Saad Hariri, a Sunni Muslim, won 39,500 of 42,000 votes cast in his constituency, the highest number in any of the 10 contested seats in the mainly Sunni Lebanese capital.
Saad's bloc has already secured nine seats by default.
The interior minister also said only 28 percent of 400,000 eligible voters turned out.
The voting in Beirut began at 7 AM (04:00 GMT) and closed at 6 PM (15:00 GMT).
The 19 seats will be allocated to six Sunni Muslims, three Armenian Orthodox, two Greek Orthodox, two Shiite Muslims, one Druze, one Maronite Catholic, one Armenian Catholic, one Greek Catholic, one Protestant and one for minorities.
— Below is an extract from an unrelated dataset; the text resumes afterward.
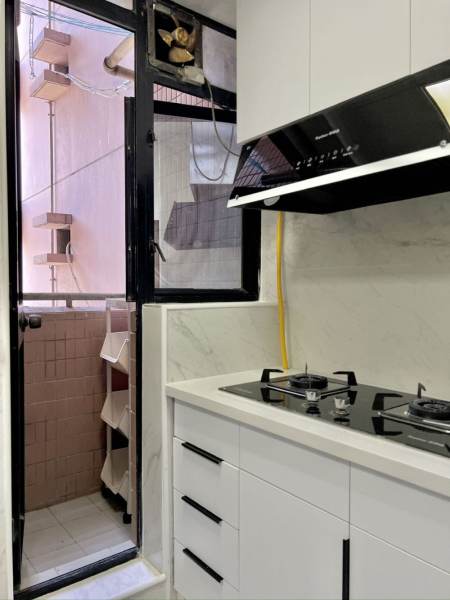 Housing image — Kitchen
Being the first ballot in Lebanon after Syria withdrew its troops after a 29-year presence, it will be held on four consecutive Sundays until June 19 in different constituencies across the country.
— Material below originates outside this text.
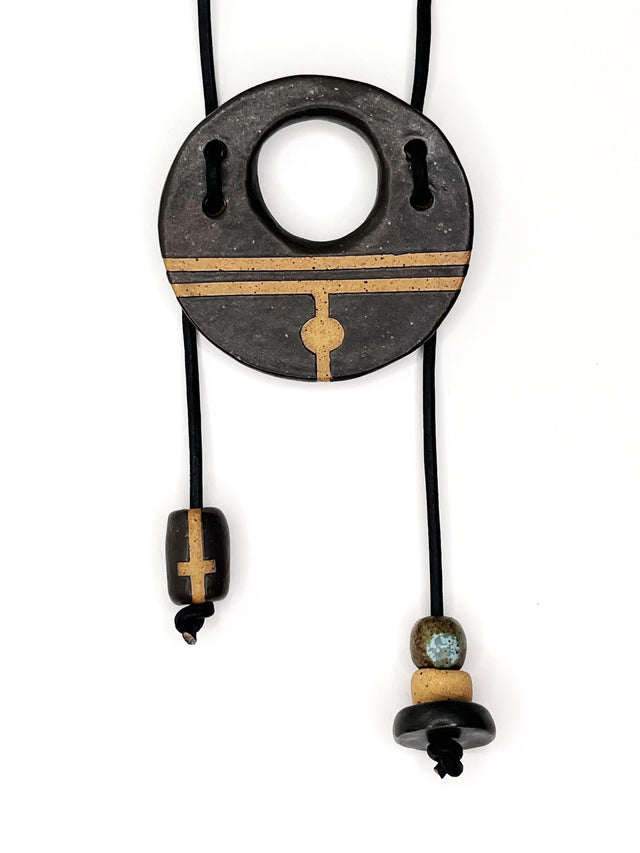 Large Bolo Tie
Syria completed all troops withdrawal from its tiny neighbor on April 26 under intense international pressure and mass Lebanese protests following the assassination of Rafik Hariri on Feb. 14.
The death of Hariri, a Sunni and the major architect of Lebanon's post-civil war reconstruction, also plunged Lebanon into a political crisis and forced the resignation of its pro-Syrian government.